* _The data_
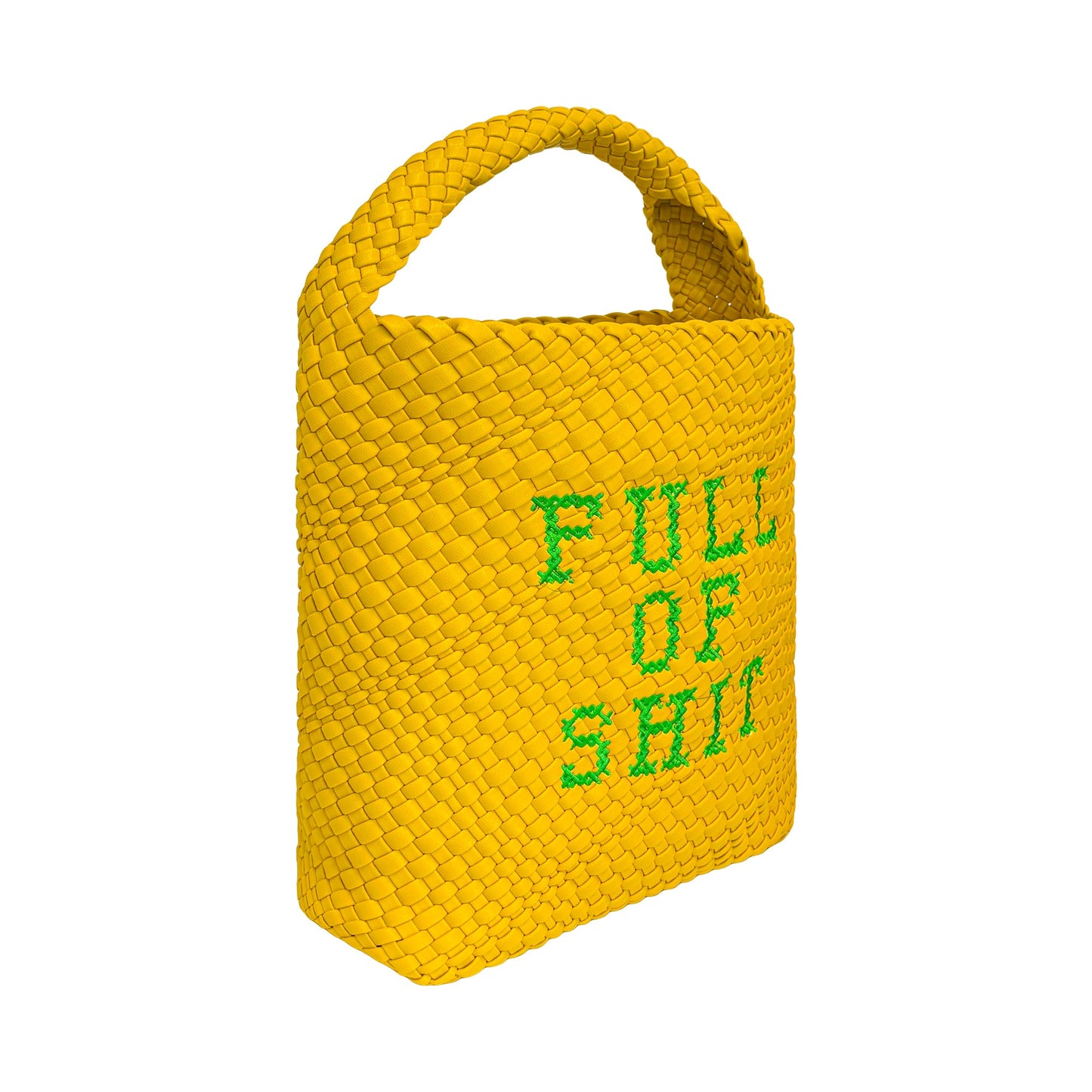 Yellow woven bucket handbag by Lilly Loves, showcasing textured fabric and stylish design with a round shape and shoulder strap.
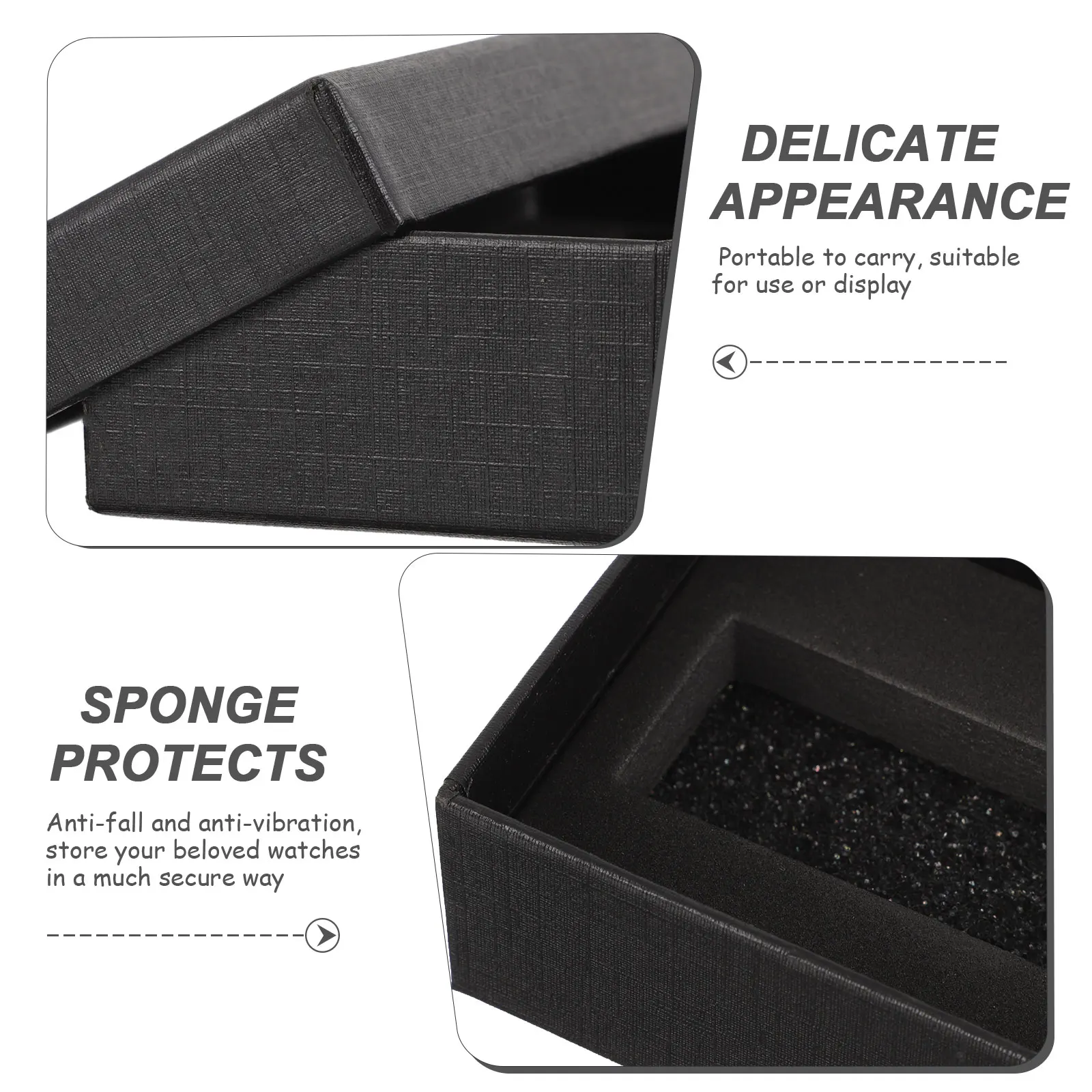 5pcs Single Watch Box Paper Watch Box Watch Holder With Sponge Rectangular Watch Gift Packaging Box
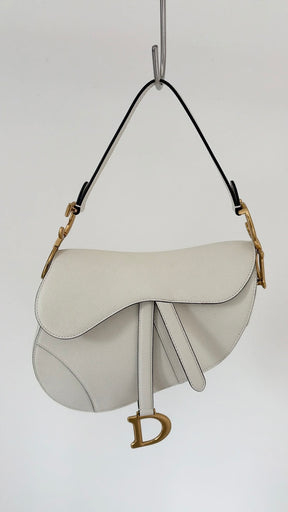 Dior White Grained Leather Saddle Bag with Strap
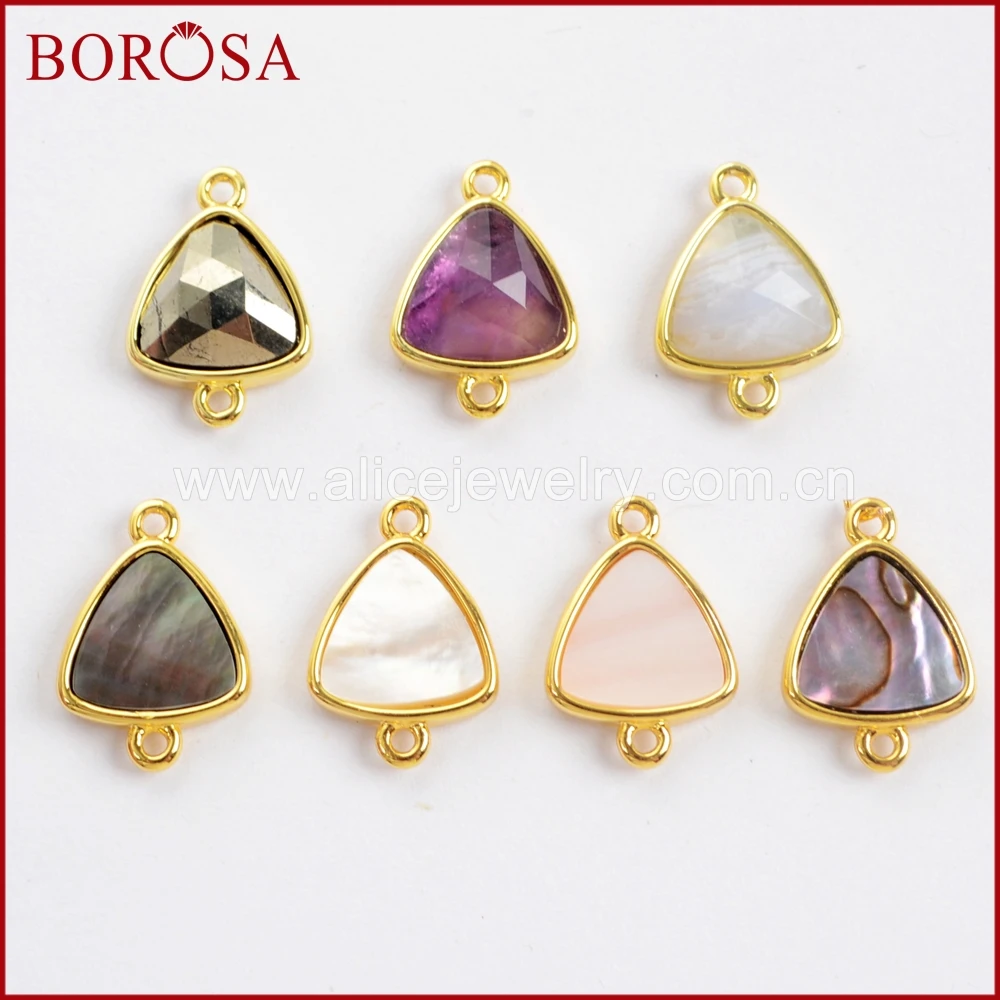 

BOROSA 10PCS 12x12mm Triangle Multi-kind Faceted Stones Gold Plated Connector Beads Amethysts Shell Double Charms Jewelry WX991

* _To do_
Output the data above without changes, apart from leaving out the pictures.

* _Task result_
 Yellow woven bucket handbag by Lilly Loves, showcasing textured fabric and stylish design with a round shape and shoulder strap.
 5pcs Single Watch Box Paper Watch Box Watch Holder With Sponge Rectangular Watch Gift Packaging Box
 Dior White Grained Leather Saddle Bag with Strap

BOROSA 10PCS 12x12mm Triangle Multi-kind Faceted Stones Gold Plated Connector Beads Amethysts Shell Double Charms Jewelry WX991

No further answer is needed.